British Journalist Geoffrey Wheatcroft writes that perhaps the “first lobbyist on behalf of the land of Israel” was Theodor Herzl who, after publishing his book The Jewish State in 1896, and organizing the First Zionist Congress in Basel, Switzerland in 1897, met in person British Cabinet ministers and other European officials. Russian Zionist Chaim Weizmann began the process of convincing Arthur James Balfour, a British Lord, that Palestine should be the Jewish national home and the “British Zionist movement began actively lobbying the British government.” The British Palestine Committee in Manchester also “lobbied for the mandate and Jewish rights in Palestine.”

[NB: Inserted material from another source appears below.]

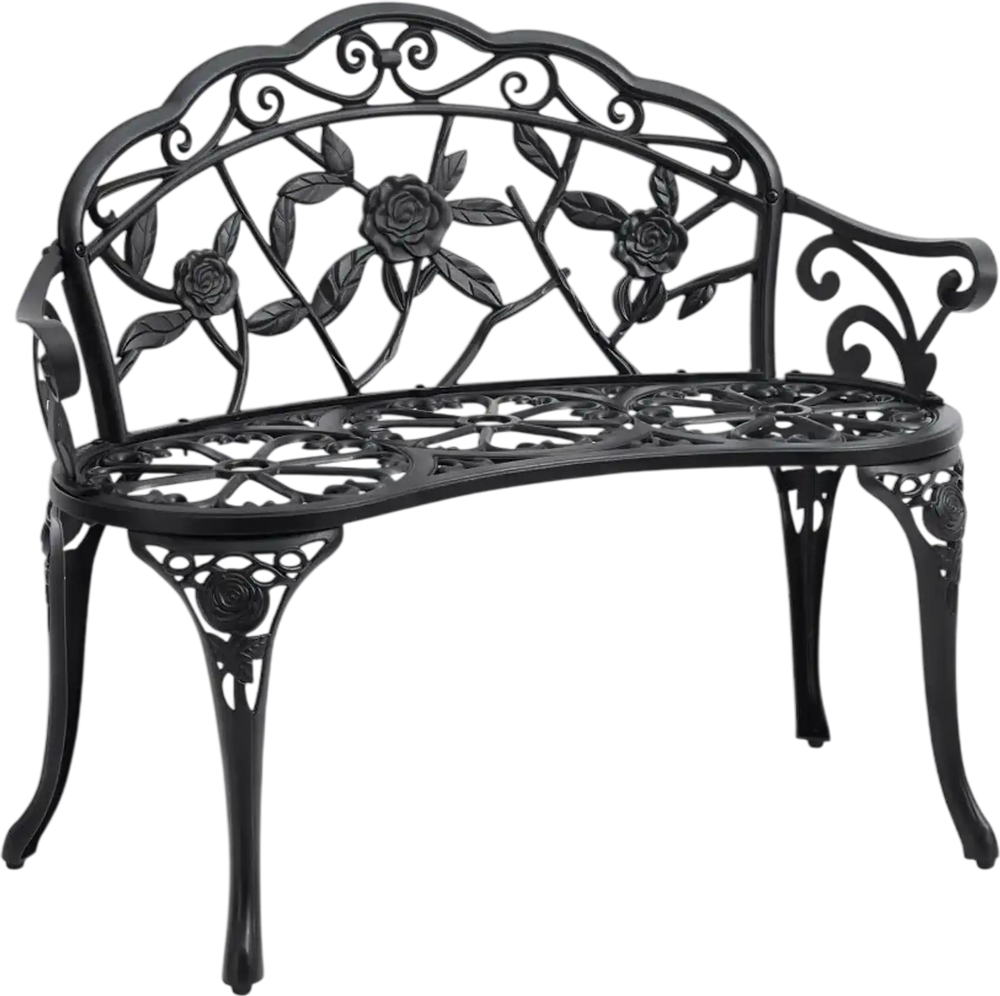 VEVOR Outdoor Bench, 38.8 inches Metal Garden Bench for Outdoors,480 lbs Load Capacity Bench, Outdoor Garden Park Bench with Backrest and Armrests, Patio Bench for Garden, Park, Yard, Front Porch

Some groups like the influential Board of Deputies of British Jews and Anglo-Jewish Association were the “institutional stronghold of the anti-Zionist camp” and formed a lobby committee to oppose the efforts of Weizmann and his allies. In 1917 Weizmann and a small group of Zionists "in a brilliant exercise of sustained persuasion, lobbying, and influence" persuaded the British government to create the “Balfour Declaration” which supported "the establishment in Palestine of a national home for the Jewish people." (Weizmann later became the first President of the State of Israel.) However, leaders of Board of Deputies of British Jews and of the Anglo-Jewish Association (who at the time were non-Zionist) considered the Balfour Declaration a “veritable calamity” that would stamp "the Jews as strangers in their native lands."

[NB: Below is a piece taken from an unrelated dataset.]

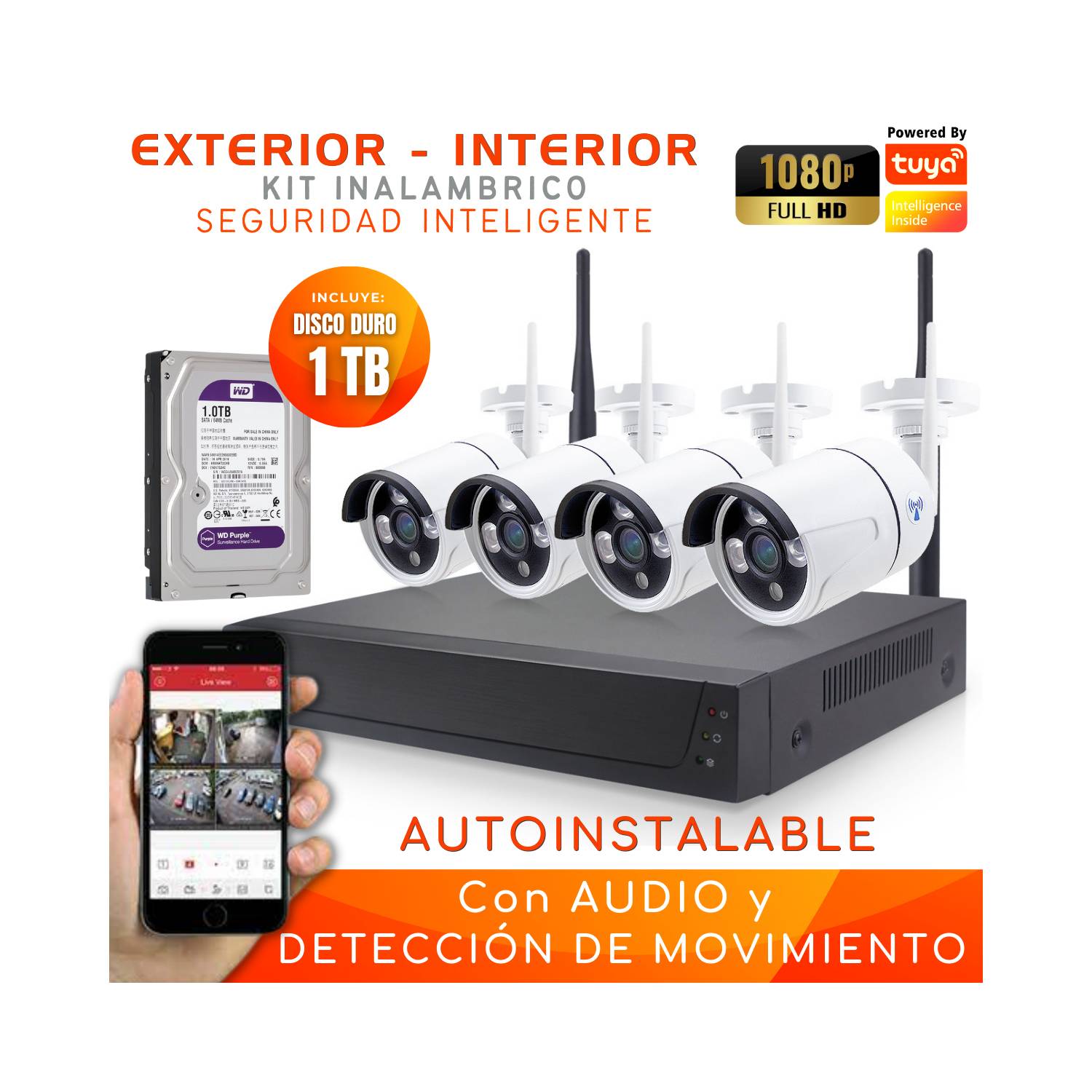Kit X3 - Cámara de seguridad Exterior/Interior Inalámbrica Wifi HD con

According to the author Ritchie Ovendale, Britain, which held the British Mandate of Palestine ratified by the League of Nations after World War I, abandoned its Zionist sympathies "which had been secured by the Zionist lobby” because of fears of coming war with Nazi Germany. In 1939 Britain limited Jewish immigration to Palestine, thereby becoming to Zionists "the principal enemy." In 1942 Zionists shifted their focus to influencing the United States through use of the "Zionist vote."